- **Work instructions**
Could you transcribe every record below exactly as written, excluding the pictures?

[Items listed in a dataset]
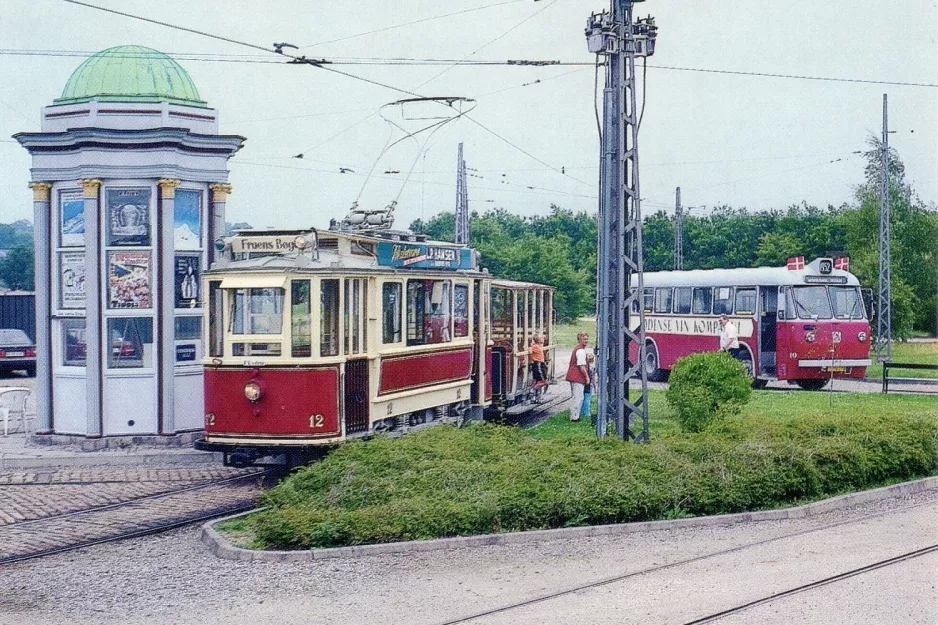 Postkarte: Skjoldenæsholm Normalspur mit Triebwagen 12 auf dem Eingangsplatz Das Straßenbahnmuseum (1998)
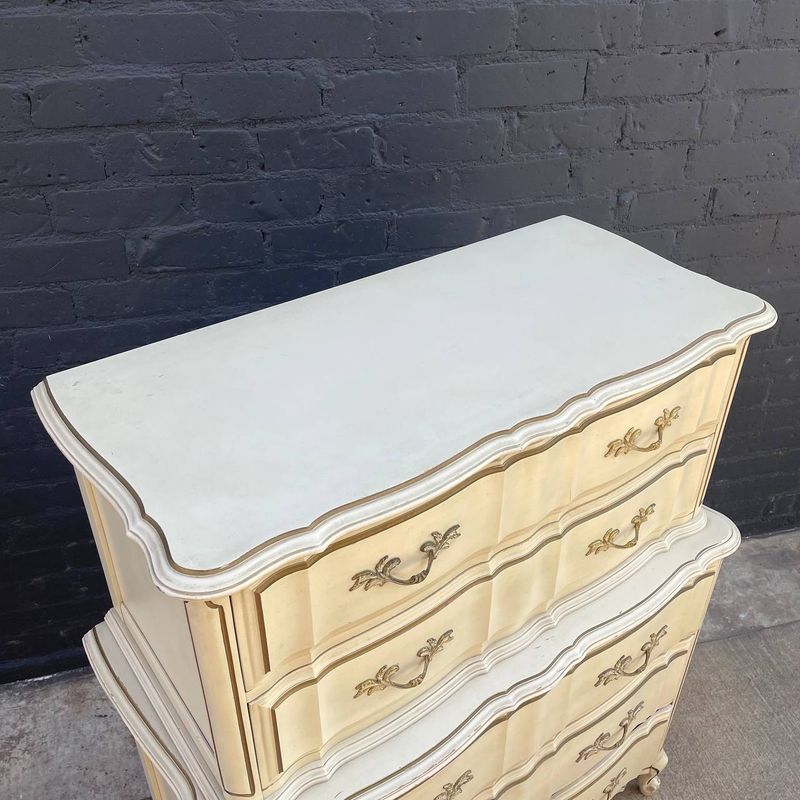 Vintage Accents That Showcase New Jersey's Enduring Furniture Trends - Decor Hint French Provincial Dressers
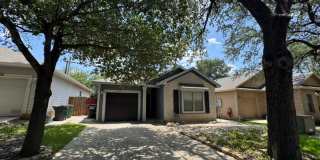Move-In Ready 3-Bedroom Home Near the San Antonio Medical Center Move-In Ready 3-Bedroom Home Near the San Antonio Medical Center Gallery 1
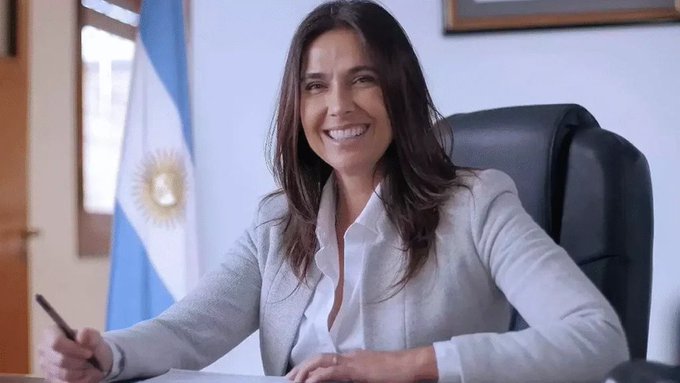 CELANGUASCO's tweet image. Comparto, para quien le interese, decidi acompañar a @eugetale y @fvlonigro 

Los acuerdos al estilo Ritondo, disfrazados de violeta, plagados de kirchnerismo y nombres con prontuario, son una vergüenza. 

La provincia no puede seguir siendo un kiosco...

- **Result below**
 Postkarte: Skjoldenæsholm Normalspur mit Triebwagen 12 auf dem Eingangsplatz Das Straßenbahnmuseum (1998)
 Vintage Accents That Showcase New Jersey's Enduring Furniture Trends - Decor Hint French Provincial Dressers
Move-In Ready 3-Bedroom Home Near the San Antonio Medical Center Move-In Ready 3-Bedroom Home Near the San Antonio Medical Center Gallery 1
 CELANGUASCO's tweet image. Comparto, para quien le interese, decidi acompañar a @eugetale y @fvlonigro 

Los acuerdos al estilo Ritondo, disfrazados de violeta, plagados de kirchnerismo y nombres con prontuario, son una vergüenza. 

La provincia no puede seguir siendo un kiosco...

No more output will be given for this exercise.